I can just imagine the reporters writing this piece, going “Wow, we really have to find a way to use that quote!”
Anyway … another point that I found striking was that although the cover story expresses concern that India’s 9% growth rate is not sustainable, India remains one of the world’s four biggest emerging economies which accounts for two-fifths of global GDP growth last year — and is one of four world nations least dependent on the US: exports to America account for just 4% of India’s GDP. This, I did not know. [see “The decoupling debate”]
The entire package on India is worth checking out (and available online). Other pieces are “India’s budget: Write-offs as high as an elephant’s eye” (what is up with elephant and tiger references throughout this issue?!!) which looks at finance minister P. Chidambaram’s fiscal plans, including writing off farmer’s debts and raising the salaries of government employees.

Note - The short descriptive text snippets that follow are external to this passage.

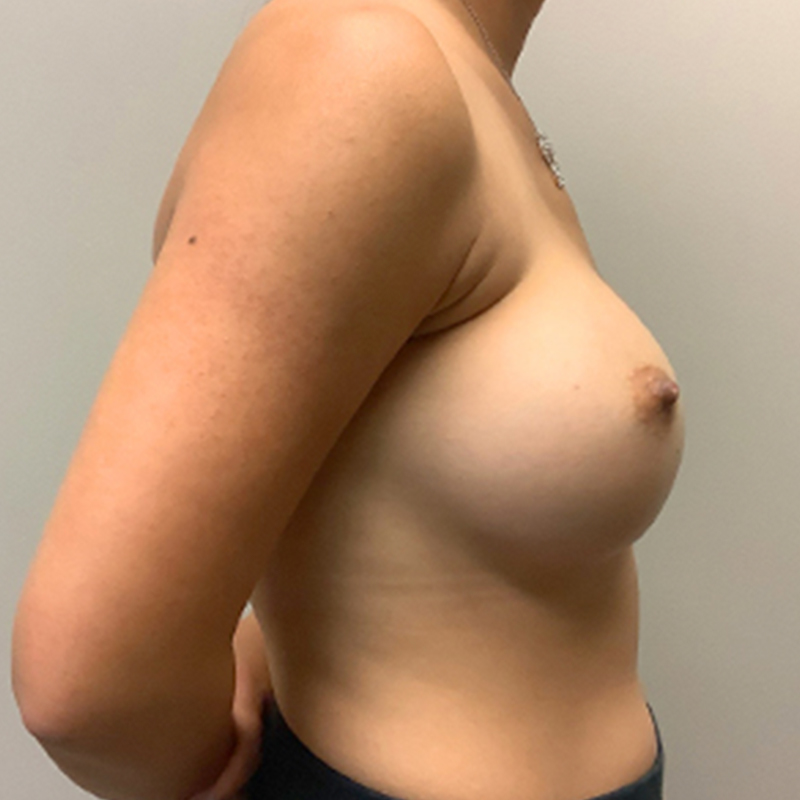Breast Augmentation 09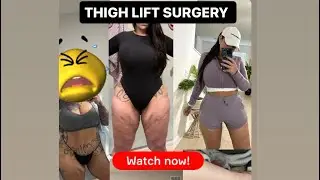 My thigh lift surgery PART 1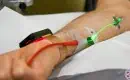 Green intravenous low level light therapy
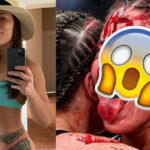 UFC 264 – Les photos choc de Jessica Eye, ouverte et ensanglantée : les fans horrifiés (-18)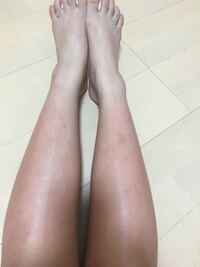 ボディクリームを塗ったら足が腫れました ヒリヒリして痛いです Yahoo 知恵袋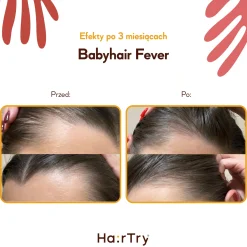 HairTry - Babyhair Fever - Wcierka Rozgrzewająca na Porost Włosów - 100ml
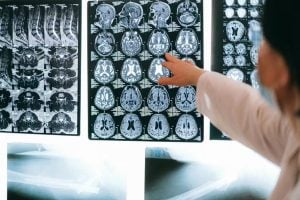 Terapia genética reduz convulsões em crianças com epilepsia rara
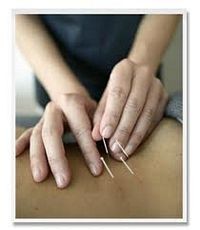 Acupuncture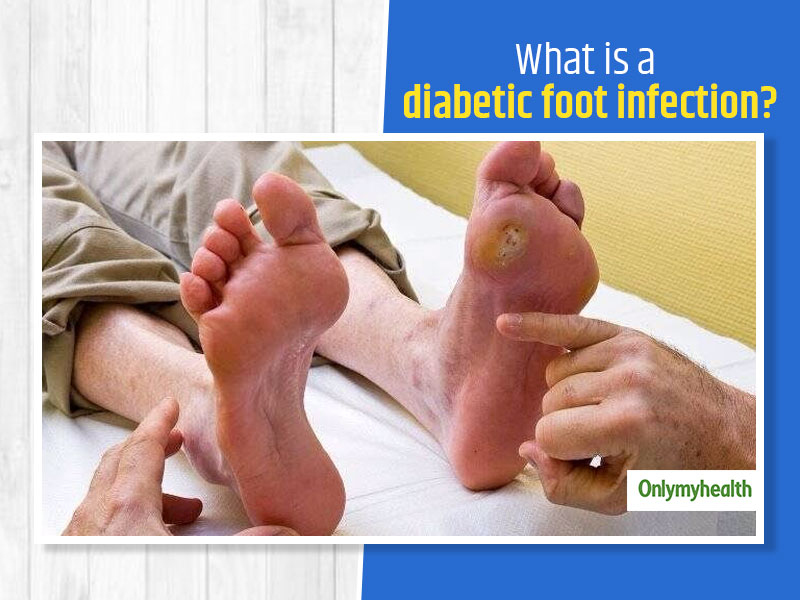 Diabetic Foot Infection Symptoms Risk Factors Treatment And Self Care Tips Onlymyhealth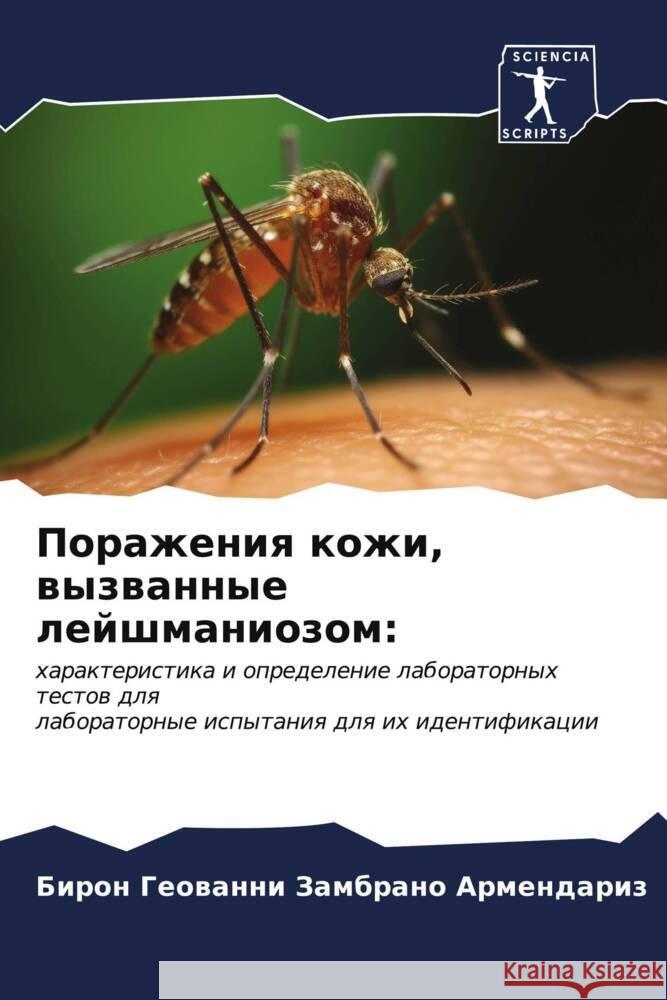 Porazheniq kozhi, wyzwannye lejshmaniozom: Zambrano Armendariz, Biron Geowanni 9786206536222 Sciencia Scripts - książka
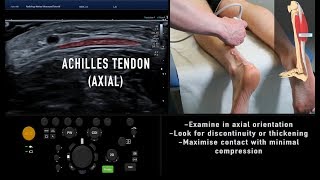 Ultrasound Tutorial MSK Series Achilles Tendon  Radiology Nation [upl. by Esinel]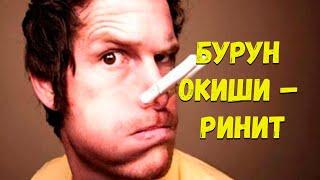 Бурун оқиши – ринит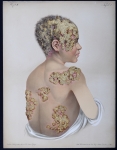 Favus - Atlas der Hautkrankheiten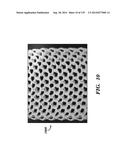 IMPLANTABLE SILK PROSTHETIC DEVICE AND USES THEREOF diagram and image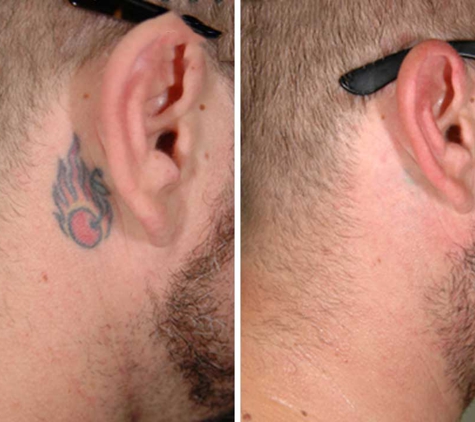 ReversaTatt Tattoo Removal - Brandon, FL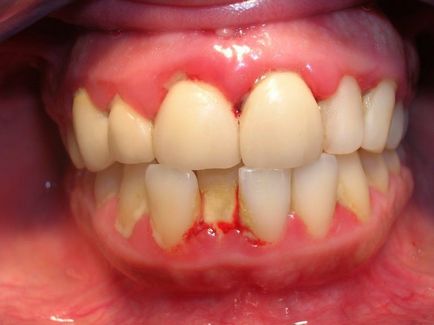 Болить ясна близько зуба причини і лікування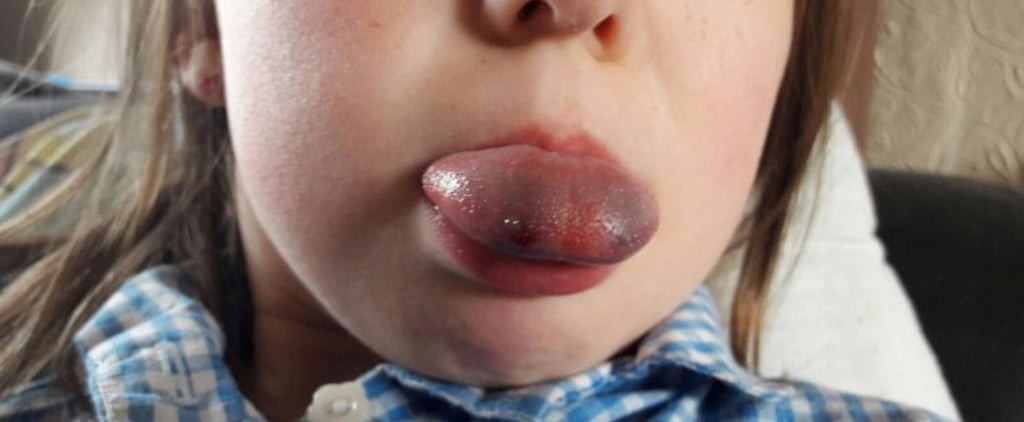 Disney Mug Lid Stuck on Girl's Tongue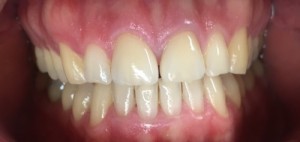 Veneers Aldridge After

There’s also a review of Columbia University economics professor Arvind Panagariya’s new book India: The Emerging Giant (OUP) which is described as a “comprehensive single-volume chronicle of the history of economic policy in India since independence in 1947 and its role in shaping the country’s fortunes.” The review brings us full circle to the argument that the Indian government needs to go bullish on structural, administrative reforms or else, risk smothering its growth momentum.